What Harvard is good at is defense. Tommy Amaker has them guarding really well, ranking #67 on KenPom in adjusted defensive efficiency. Their core component is ending your possession after one try, ranking #17 in defensive rebounding rate. What makes that exceptionally deadly for them is that they’re also pretty good at forcing you into lousy shots, allowing an effective field goal percentage of just 49%, which is a top 80 number. They’ll make you miss, and when you do, it’s almost always going the other direction. That’s a deadly combo, and it more than makes up for their lack of forcing turnovers and letting teams get to the line way too often.
Of course, the obvious solution to that is just don’t miss.

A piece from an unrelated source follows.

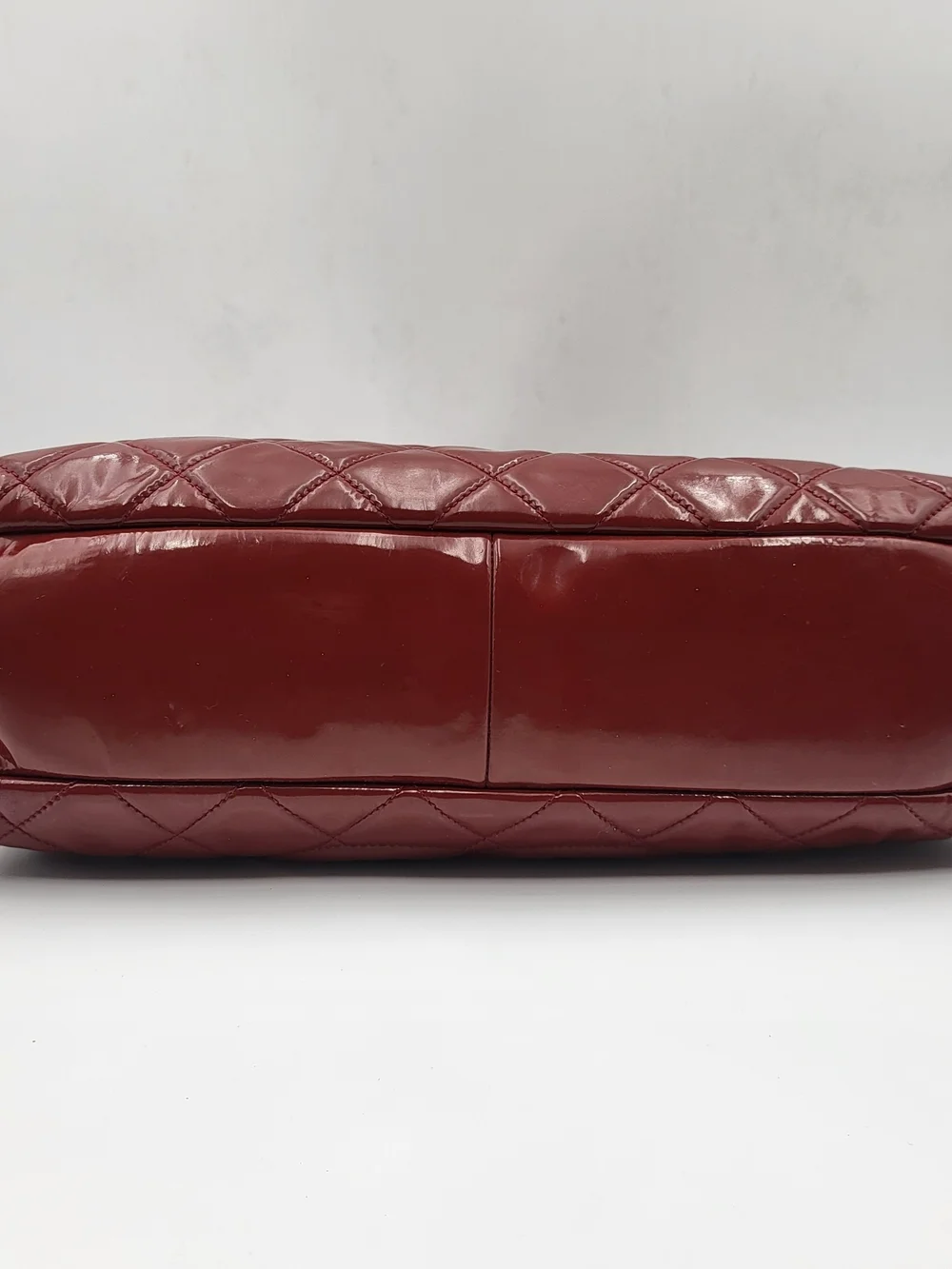 CHANEL TOTE BAG BURGUNDY PATENT LEATHER VERNIS ROUGE. AUTH w/COA.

That’s where Marquette’s distinct advantage comes in. See, one of the things that Harvard is willing to do as a defense is let you shoot threes. They’re allowing teams to take 40% of their shots from behind the arc this season, and that’s just over the line into the bottom third of the country. As you may have noticed this season, Marquette likes taking a bajillion threes per game. 45% of MU’s shots are long range shots, and only two teams — William & Mary and Purdue — have made a higher percentage of their launches.
- Marquette’s incredibly suspect defense is tasked with stopping an offense that’s slow and largely ineffective, and.....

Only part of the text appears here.